If working with a cryobank, donors have already severed legal ties with their samples, so there is no concern about legal challenges by donors.
There are limited options for communicating with donors about medical questions or concerns. Cryobanks may be able to act as an intermediary, but the donor will be able to decide whether they choose to communicate and their anonymity will be prioritized throughout the process.
For sperm, there are global limits placed on how many family units may be formed using any single donor’s sperm, and some cryobanks may choose to further limit the number of families created by their donors. However, it may still be possible that 15-25 families across the world have used the same donor you did, which means that your child/ren may have 60+ genetic “siblings.” While some families like having a connection to other families who used their donor, others don’t like the idea of having so many genetic relatives.
Some donor-conceived children believe that every person has the right to know the person who contributed the sperm or egg that created them, and that type of relationship isn’t possible with an unknown donor.
How can partners be involved in this process?
At Main Line Fertility, we are eager to include partners at every step of the process.
Partners are ideal support people before, during, and after any medical procedure. Let your partner know what kind of support you need– physical, emotional, or otherwise– so they can give you the support you need.
Partners can also do a lot of the logistical and emotional labor involved in a conception process.

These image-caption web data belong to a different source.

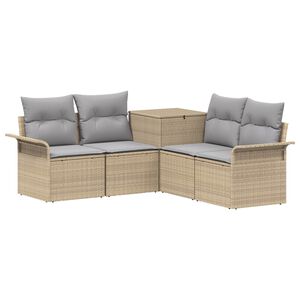 vidaXL Set de canapea 5 buc. Beige și gri deschis Ratan poli și Oțel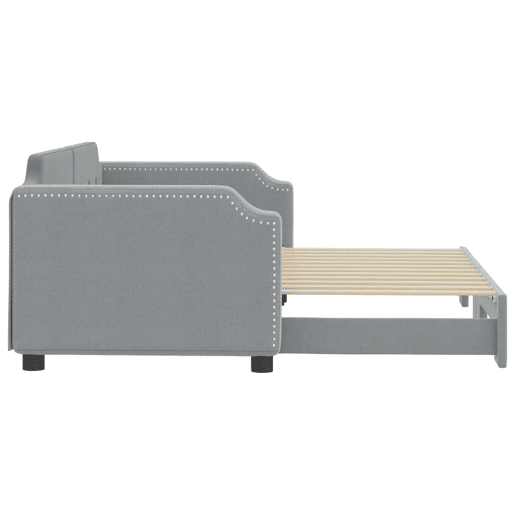 Sofá-cama, Sofá conversível com gavetão 90x200 cm tecido cinzento-claro Sofá-cama, Sofá conversível com gavetão 90x200 cm tecido cinzento-claro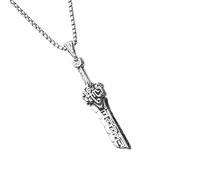 Collana vintage con ciondolo a forma di cavaliere, in acciaio inox, con spada spezzata e ancora, gioiello medievale da uomo, simbolo di forza e resistenza, unico per lui, Medio, Lega di acciaio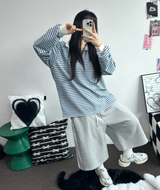BIG COLLAR OVER MOXY ストライプルーズ長袖Tシャツ💙🩵🤎❤4COLOR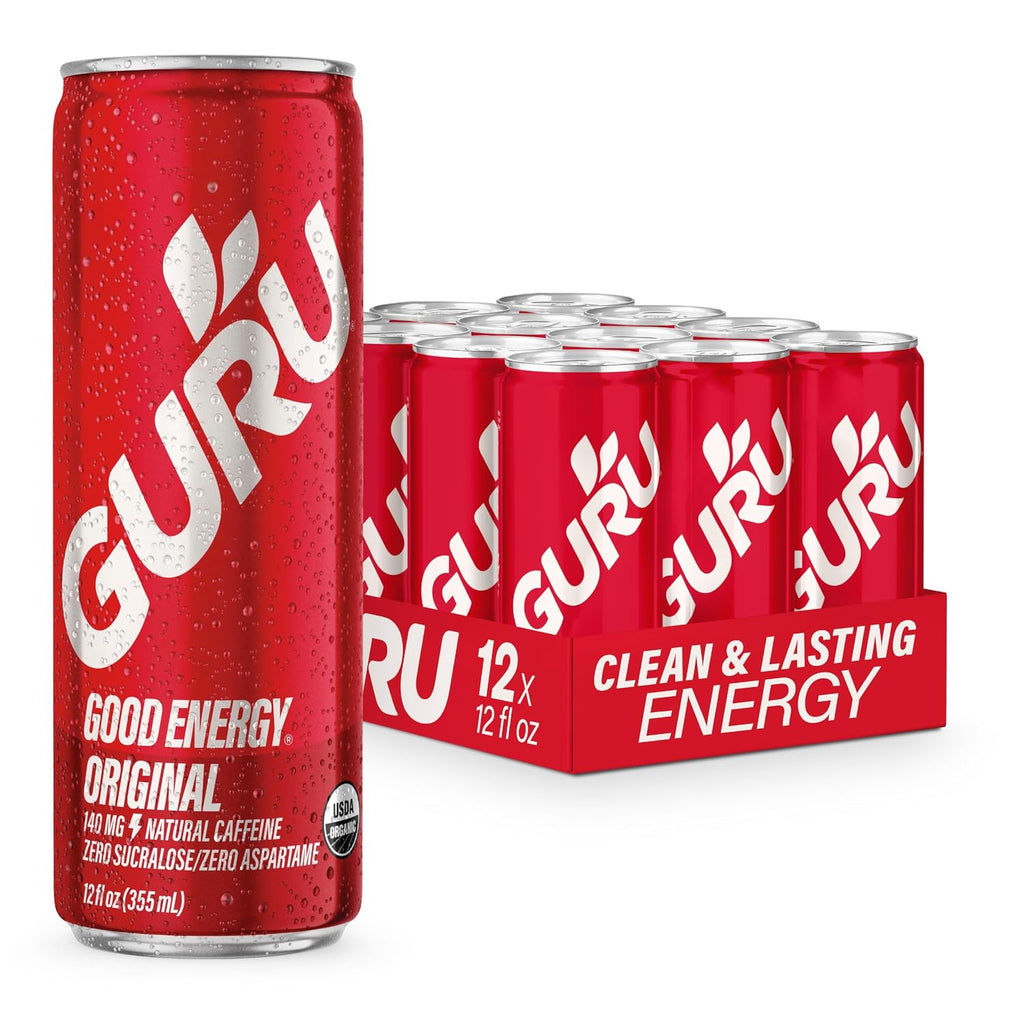 GURU Organic Energy Drink, Original, Natural Caffeine, 12 Fl Oz, 12 Pack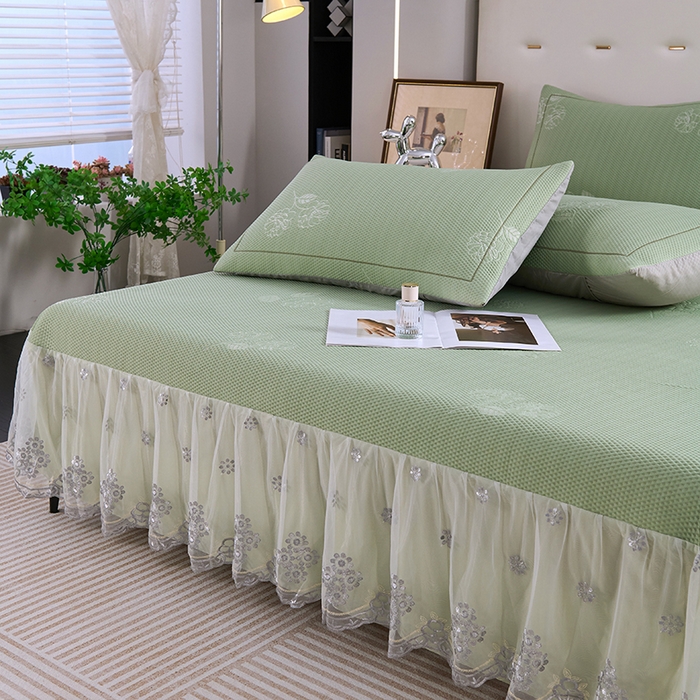 91家纺网 家纺一手货源 找家纺 （总）席之家 2025新款3D冰感蕾丝床裙豆豆席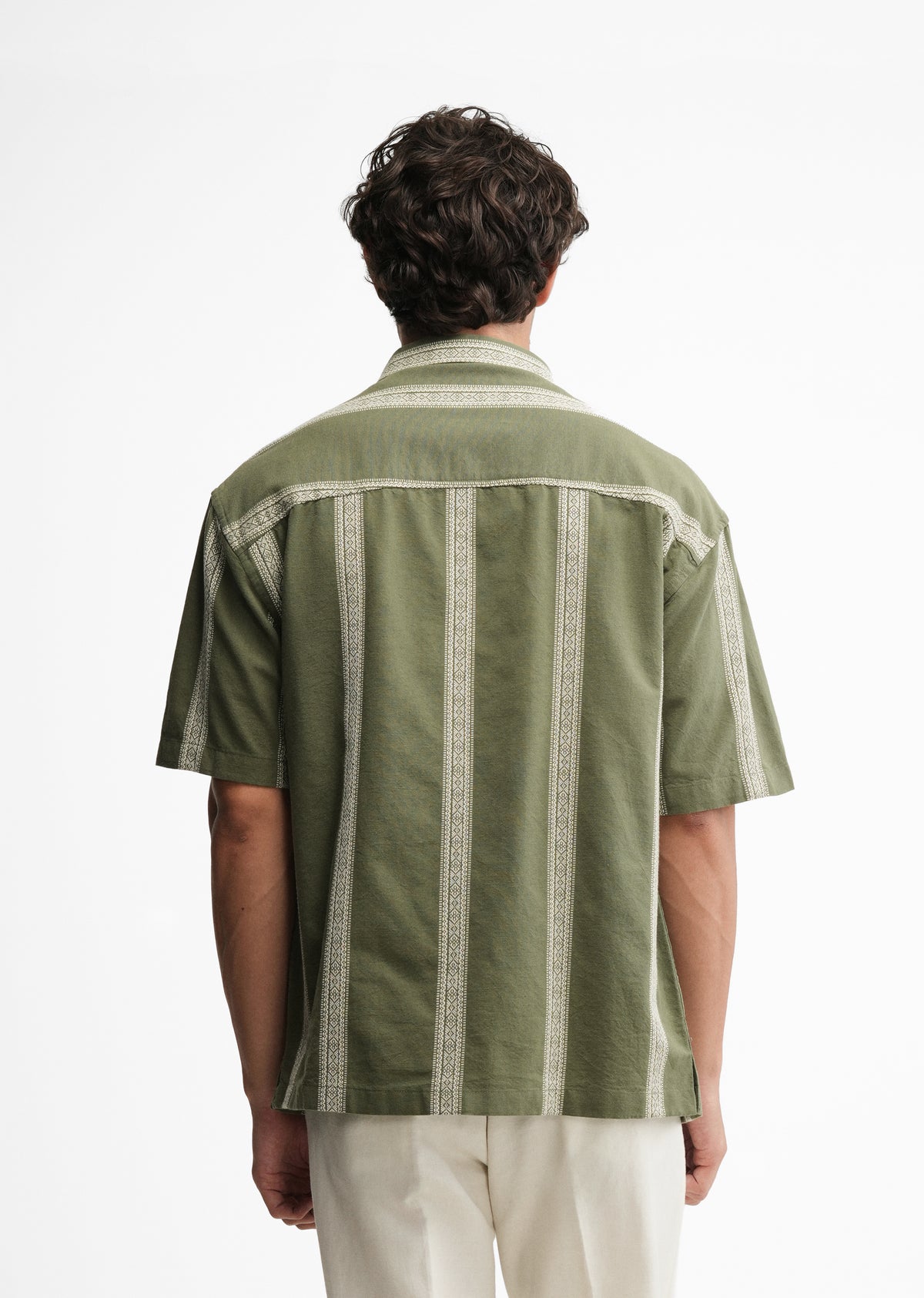 Green Jacquard Stripe Cotton Shirt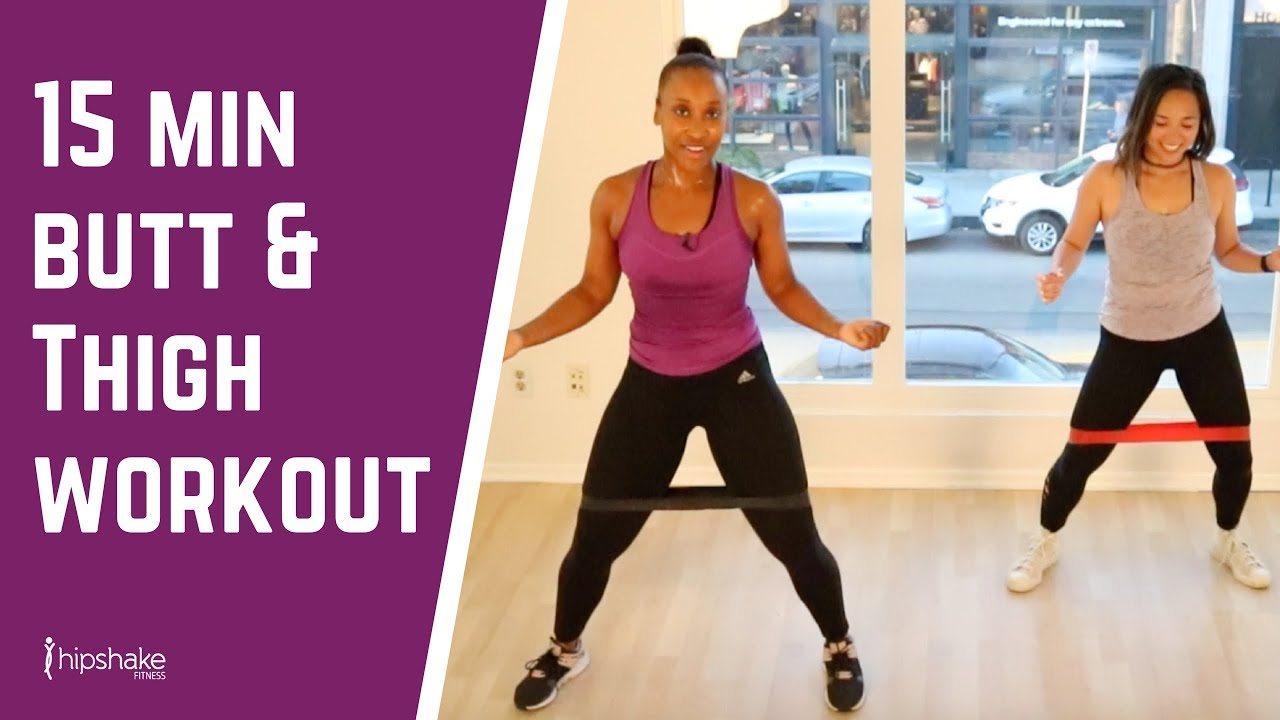 15 Minute Butt & Thigh Workout With Fitness Bands | Dancehall Jam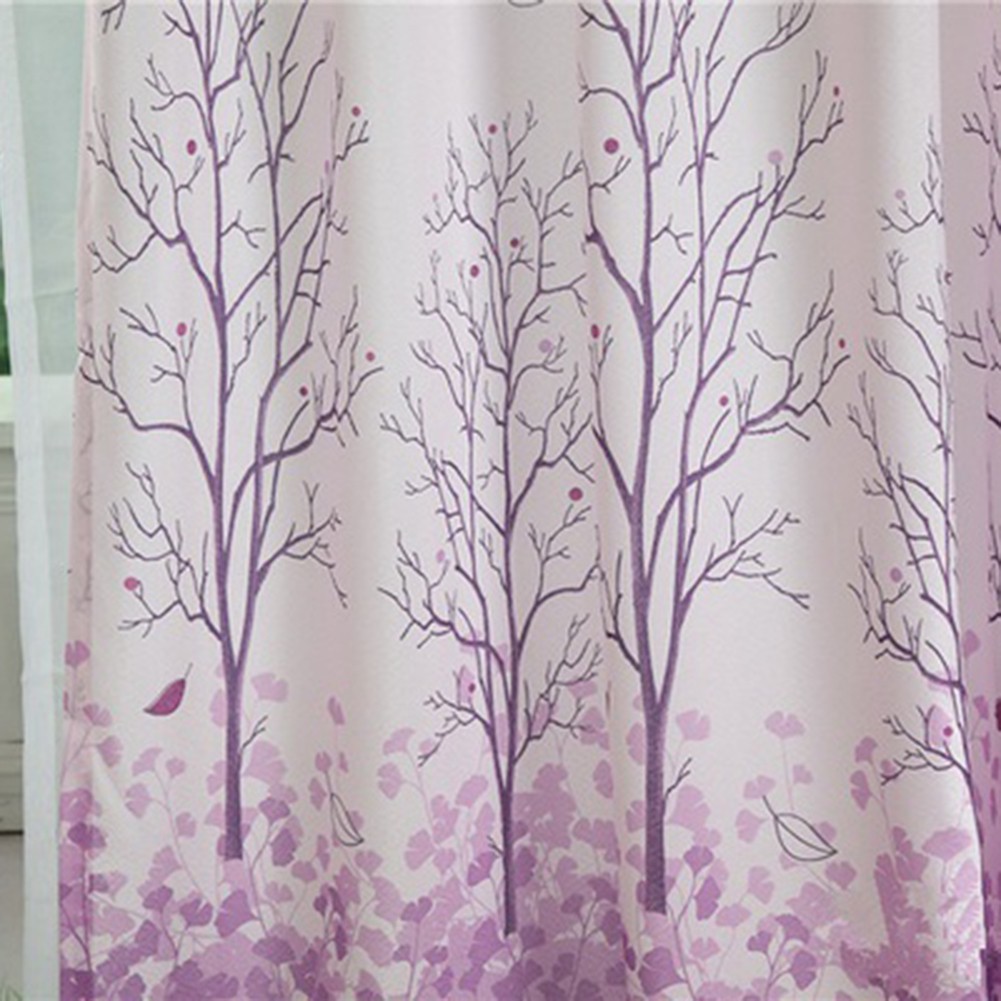 Rèm voan treo cửa sổ phòng ngủ, phòng khách họa tiết cây cối hiện đại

They can call to book appointments, pick up prescriptions, ensure sperm is transported safely, and help with administering injections and taking medications. Fertility processes go well when both partners feel equally engaged and invested in the process. Don’t be afraid to ask for help from your partner, to offer help to your partner, and to ask for what you need (regardless of whether you’re the person conceiving or not).
If you and your partner will be selecting a sperm or egg donor, you can work together to decide which characteristics or qualities you may look for in a donor. There are several mobile apps that can be used for picking a baby name; you AND your partner enter names you each love and then the app presents you with the names you both selected. These apps can be used for selecting sperm or egg donors! You can both look through a cryobank library of donors or think through potential donors in your life, list the names or donor numbers in the app, then see which donors you both selected.
If a patient’s partner also has a uterus, that individual can do a fertility check-up as well! This can be useful in case the first intended patient isn’t able to conceive and carry a pregnancy due to a medical condition; knowing about the partner’s health ahead of time can help you strategize about other options. Going through a fertility check-up can also help build critical empathy between partners– the partner knows more about what the patient is experiencing and can provide even more effective support along the way. Additionally, you can find out if Reciprocal-IVF is a good option for you and your partner.